Dover Corp (NYSE:DOV) is basically involved in designing and manufacturing various aspects in the communications, life sciences, aerospace/industrial, and defense industry.
Incorporated just after the World War II, in 1947, Dover Corp (NYSE:DOV) has dedicated itself in manufacturing a broad spectrum of products and peripherals in four distinct divisions: Telecommunication Technologies, various Energy ecosystems, Engineered Systems, and Printing & Documentation regarding identification.
The spin-off plan
Dover Corp (NYSE:DOV)’s CEO, Mr. Robert Livingston, reportedly told Reuters on May 23 that the new company will be taking over most of its consumer electronics operations.
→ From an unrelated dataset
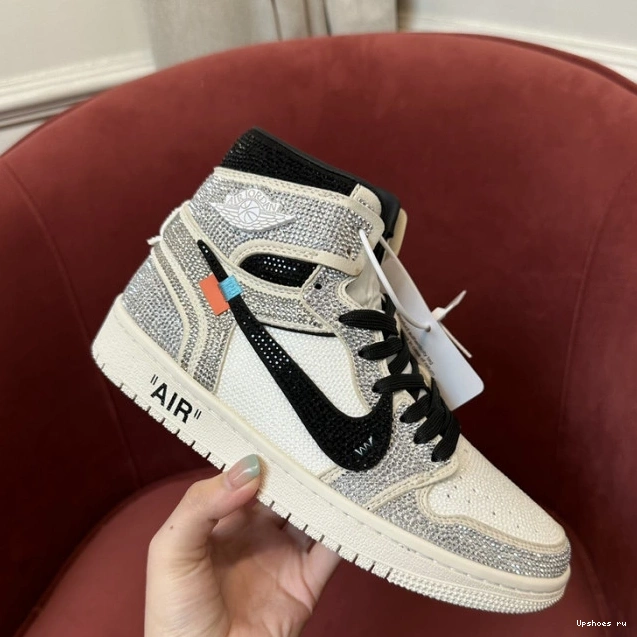 Diamond Designed Jordan Shoes 0312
On the other hand, the parent company (Dover) will re-focus on its core business in the industrial segment including energy, fluids, and refrigeration.
The new company will be operating under few existing consumer product brands comprising Sound Solutions, Dielectric, Novacap, Syfer, and Vectron under Knowles. Actually, Knowles was an independent company which specialized in acoustic products before Dover Corp (NYSE:DOV) acquired it back in 2005 for $750 million to expand its existing consumer product operations in a “brownfield” effort.
Since the news of this spin-off proposition broke, Dover’s stock price jumped more than 5% in a single day. With a P/E ratio of 16.75, which is relatively low compared to industry the P/E ratio of 24.22, Dover clearly has some room to run.
Impact on competitors
Ingersoll-Rand PLC (NYSE:IR), a relatively new company, is a well differentiated, comprehensive company and a direct competitor of Dover’s core competence, the Industrial segment. Its Industrial Technologies division caters to a range of products such as compressed air systems required for refrigeration, fluid handling systems, etc. Currently, Ingersoll-Rand’s P/E ratio stands at 17.54, which indicates further growth potential when compared to the industry P/E ratio of 24.22.
Also, its dividend yield is 1.46%, which is higher than industry average of 1.28%. Ingersoll’s stock price went down due to the prospect of tougher competition from Dover’s renewed focus on the industrial segment.
Weatherford International Ltd (NYSE:WFT)’s share price also went down from $14.30 on May 22 to $13.89 on May 24, in anticipation of a similar impact. Weatherford has been competing with Dover since its incorporation in 1972 as a provider of equipment and services. It competes with Dover in the energy sector by providing drilling, evaluation, completion, and production of oil and natural gas wells.
Its current earning per share is in the negative. However, as the energy sector has been bullish of late, the prospect of future earnings potential for Weatherford is significant. Dover’s energy section will also likely to benefit from similar bullish trend in the Brent & Crude Oil.
From a competitive vantage point of both industrial and energy segments, it can be concluded that Dover’s spin-off plans would provide the company certain competitive advantage. Mr. Christopher Bamman, an analyst from Ascendiant Capital Markets, made it clear when he mentioned that the communication technologies operation of Dover was “not aligned” with its industrial profile.